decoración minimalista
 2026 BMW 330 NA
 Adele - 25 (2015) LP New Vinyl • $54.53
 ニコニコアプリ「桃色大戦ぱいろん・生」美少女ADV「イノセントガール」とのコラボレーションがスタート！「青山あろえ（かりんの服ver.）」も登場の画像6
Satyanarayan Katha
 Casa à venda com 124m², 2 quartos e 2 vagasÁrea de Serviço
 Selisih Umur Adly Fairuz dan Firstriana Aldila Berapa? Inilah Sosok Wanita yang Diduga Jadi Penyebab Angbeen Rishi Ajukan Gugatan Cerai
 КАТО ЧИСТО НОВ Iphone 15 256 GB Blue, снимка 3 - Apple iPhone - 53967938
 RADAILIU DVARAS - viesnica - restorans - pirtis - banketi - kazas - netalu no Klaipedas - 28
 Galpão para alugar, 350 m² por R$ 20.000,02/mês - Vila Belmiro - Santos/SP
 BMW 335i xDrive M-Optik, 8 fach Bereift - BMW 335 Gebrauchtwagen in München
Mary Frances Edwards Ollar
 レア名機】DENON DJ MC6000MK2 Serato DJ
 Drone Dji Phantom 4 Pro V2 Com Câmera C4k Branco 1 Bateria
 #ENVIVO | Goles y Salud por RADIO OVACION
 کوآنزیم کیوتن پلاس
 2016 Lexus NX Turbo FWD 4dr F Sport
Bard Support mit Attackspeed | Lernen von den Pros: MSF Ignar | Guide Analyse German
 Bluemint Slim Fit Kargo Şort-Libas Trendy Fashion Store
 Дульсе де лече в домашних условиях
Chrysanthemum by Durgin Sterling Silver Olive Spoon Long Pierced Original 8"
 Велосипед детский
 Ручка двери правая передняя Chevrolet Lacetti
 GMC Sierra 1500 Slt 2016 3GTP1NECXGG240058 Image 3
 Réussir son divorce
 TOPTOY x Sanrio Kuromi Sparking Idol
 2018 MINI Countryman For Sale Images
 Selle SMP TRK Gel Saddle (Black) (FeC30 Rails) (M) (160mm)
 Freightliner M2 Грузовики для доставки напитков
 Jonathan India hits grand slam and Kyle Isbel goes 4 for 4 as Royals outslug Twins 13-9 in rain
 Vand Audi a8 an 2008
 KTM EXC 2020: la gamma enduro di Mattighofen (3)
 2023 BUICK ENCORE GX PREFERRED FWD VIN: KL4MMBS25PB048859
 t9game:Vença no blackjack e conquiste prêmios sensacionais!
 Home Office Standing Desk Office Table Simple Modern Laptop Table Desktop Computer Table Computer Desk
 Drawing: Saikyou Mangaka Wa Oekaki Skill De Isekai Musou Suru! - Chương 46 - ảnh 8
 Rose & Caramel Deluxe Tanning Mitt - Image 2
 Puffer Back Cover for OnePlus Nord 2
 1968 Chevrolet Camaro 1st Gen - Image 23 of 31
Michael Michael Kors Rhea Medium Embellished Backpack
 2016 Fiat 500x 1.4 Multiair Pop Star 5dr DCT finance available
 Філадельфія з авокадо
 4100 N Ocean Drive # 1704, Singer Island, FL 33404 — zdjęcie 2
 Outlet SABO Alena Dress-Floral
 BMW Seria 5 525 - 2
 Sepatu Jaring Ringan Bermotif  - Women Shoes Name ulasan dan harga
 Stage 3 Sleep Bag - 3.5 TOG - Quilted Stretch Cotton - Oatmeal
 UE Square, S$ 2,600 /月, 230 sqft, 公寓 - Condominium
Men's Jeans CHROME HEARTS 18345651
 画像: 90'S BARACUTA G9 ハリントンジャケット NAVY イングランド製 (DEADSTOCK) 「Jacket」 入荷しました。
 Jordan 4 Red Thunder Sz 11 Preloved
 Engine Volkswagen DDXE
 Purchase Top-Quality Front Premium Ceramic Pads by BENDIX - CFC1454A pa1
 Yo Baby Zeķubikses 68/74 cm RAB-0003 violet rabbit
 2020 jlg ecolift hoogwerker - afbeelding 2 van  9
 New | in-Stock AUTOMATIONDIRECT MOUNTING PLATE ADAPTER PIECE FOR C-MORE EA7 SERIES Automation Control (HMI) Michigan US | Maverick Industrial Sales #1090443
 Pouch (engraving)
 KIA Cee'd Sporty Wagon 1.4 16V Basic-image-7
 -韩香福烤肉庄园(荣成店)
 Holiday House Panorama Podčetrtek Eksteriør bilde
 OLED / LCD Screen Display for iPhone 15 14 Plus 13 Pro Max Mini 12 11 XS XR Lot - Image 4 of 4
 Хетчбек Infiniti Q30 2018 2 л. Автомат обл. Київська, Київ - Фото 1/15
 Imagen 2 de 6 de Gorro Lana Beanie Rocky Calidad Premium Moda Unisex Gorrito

────────────────────────────────────────

__WORK REQUEST__. Beginning at the first line above, repeat exactly until the line containing "کوآنزیم کیوتن پلاس", which is included.

__WRITTEN REPLY__.
decoración minimalista
 2026 BMW 330 NA
 Adele - 25 (2015) LP New Vinyl • $54.53
 ニコニコアプリ「桃色大戦ぱいろん・生」美少女ADV「イノセントガール」とのコラボレーションがスタート！「青山あろえ（かりんの服ver.）」も登場の画像6
Satyanarayan Katha
 Casa à venda com 124m², 2 quartos e 2 vagasÁrea de Serviço
 Selisih Umur Adly Fairuz dan Firstriana Aldila Berapa? Inilah Sosok Wanita yang Diduga Jadi Penyebab Angbeen Rishi Ajukan Gugatan Cerai
 КАТО ЧИСТО НОВ Iphone 15 256 GB Blue, снимка 3 - Apple iPhone - 53967938
 RADAILIU DVARAS - viesnica - restorans - pirtis - banketi - kazas - netalu no Klaipedas - 28
 Galpão para alugar, 350 m² por R$ 20.000,02/mês - Vila Belmiro - Santos/SP
 BMW 335i xDrive M-Optik, 8 fach Bereift - BMW 335 Gebrauchtwagen in München
Mary Frances Edwards Ollar
 レア名機】DENON DJ MC6000MK2 Serato DJ
 Drone Dji Phantom 4 Pro V2 Com Câmera C4k Branco 1 Bateria
 #ENVIVO | Goles y Salud por RADIO OVACION
 کوآنزیم کیوتن پلاس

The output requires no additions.